Community guidelines and improvements to the technology are needed before routine adoption of MPS genotyping in forensic laboratories. Some countries forbid the use of phenotype or ancestry SNPs. Will the laboratory be expected to review and report SNP data if a full profile is generated with autosomal STRs? Efforts are underway to gather feedback from the community. For example, Battelle is currently managing an NIJ Feasibility and Guidance Study involving a variety of federal, state and local forensic laboratories. The purpose of the study is to evaluate existing MPS genotyping systems (reagents, instrumentation and workflow). At the conclusion of the study, the participating laboratories will present their observations and recommendations (personal communication from Rich Guerrieri, the Battelle scientist managing the study). In addition, workshops have been organized at international meetings the last few years to increase awareness of the strengths and weaknesses of the technology and how it relates to current capillary electrophoresis approaches for genotyping. As additional data is generated by the forensic community, guidelines are beginning to emerge (4). In the interim, MPS is a useful complement to capillary electrophoresis.
- Zeng, X., King, J., Hermanson, S., Patel, J., Storts, D.R. and Budowle, B. (2015) An evaluation of the PowerSeq™ Auto system: A multiplex short tandem repeat marker kit compatible with massively parallel sequencing. Forensic Sci. Int. Genet. 19, 172–9.

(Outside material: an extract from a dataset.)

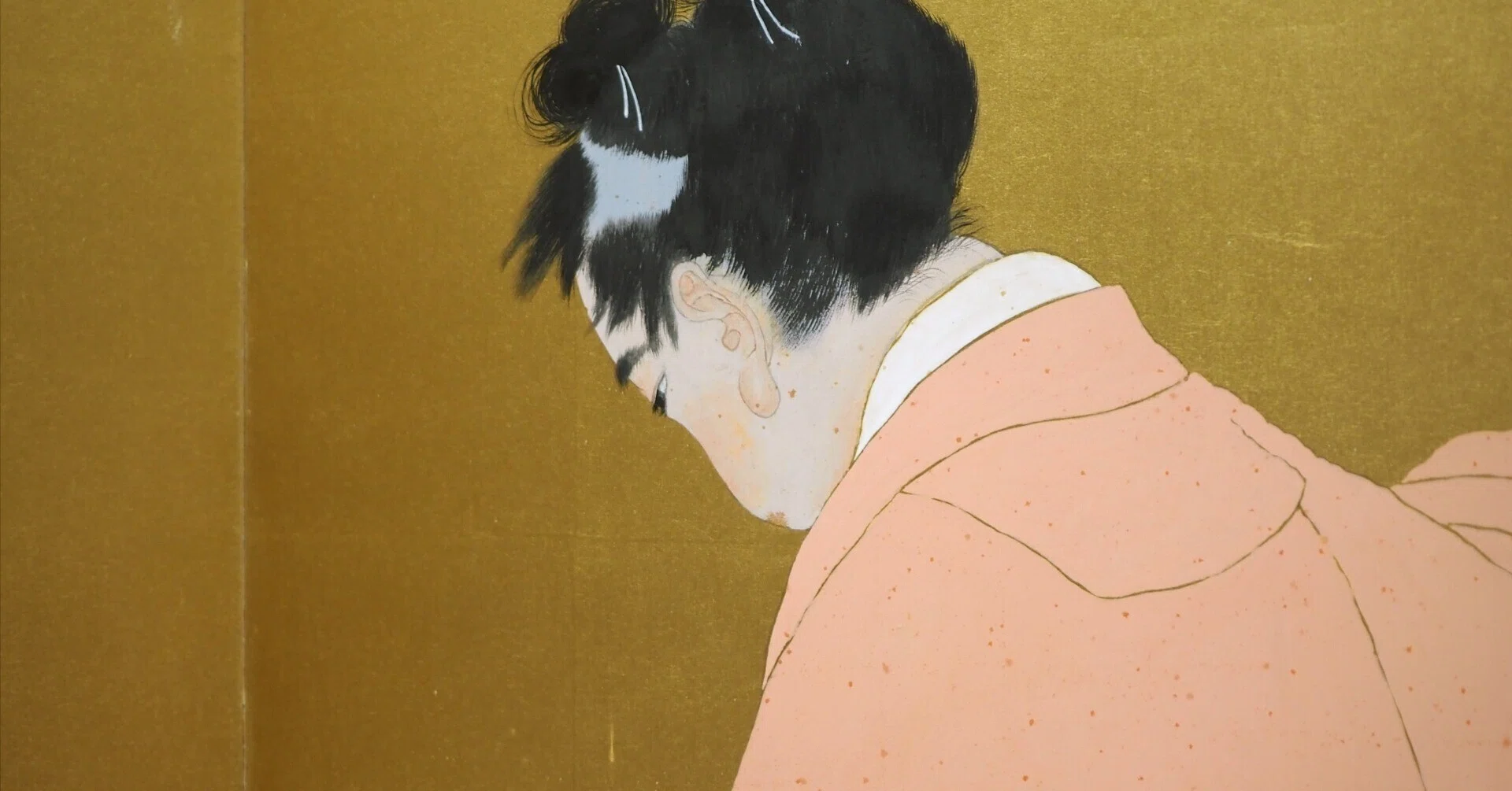 商品名 横山大観　１生々流転　２遊神　特製小屏風(柳蔭）　別冊付録（画心のひと 本 商品名 横山大観 1生々流転 2遊神 特製小屏風(柳蔭） 別冊付録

- Massively Parallel Sequencing for Forensic DNA Analysis (webinar) http://www.promega.com/resources/webinars/worldwide/archive/massively-parallel-sequencing-for-forensic-analysis/
- Thompson, J.M., Ewing, M.M., Frank, W.E., Pogemiller, J.M., Nolde, C.A., Koehler, D.J., Shaffer, A.M., Rabbach, D.R., Fulmer, P.M., Sprecher, C.J. and Storts, D.R. (2013) Developmental validation of the PowerPlex® Y23 System: A single multiplex Y-STR analysis system for casework and database samples. Forensic Sci. Int. Genet. 7, 240–50.
- Parson, W. et al. (2016) Massively parallel sequencing of forensic STRs: Considerations of the DNA commission of the International Society for Forensic Genetics (ISFG) on minimal nomenclature requirements. Forensic Sci. Int. Genet. 22, 54–63.
*I have chosen to comment on the MiSeq® platforms for two reasons. Our experience at Promega is limited to the Illumina MiSeq® and the ThermoFisher Ion PGM™ System is used primarily for SNP analysis.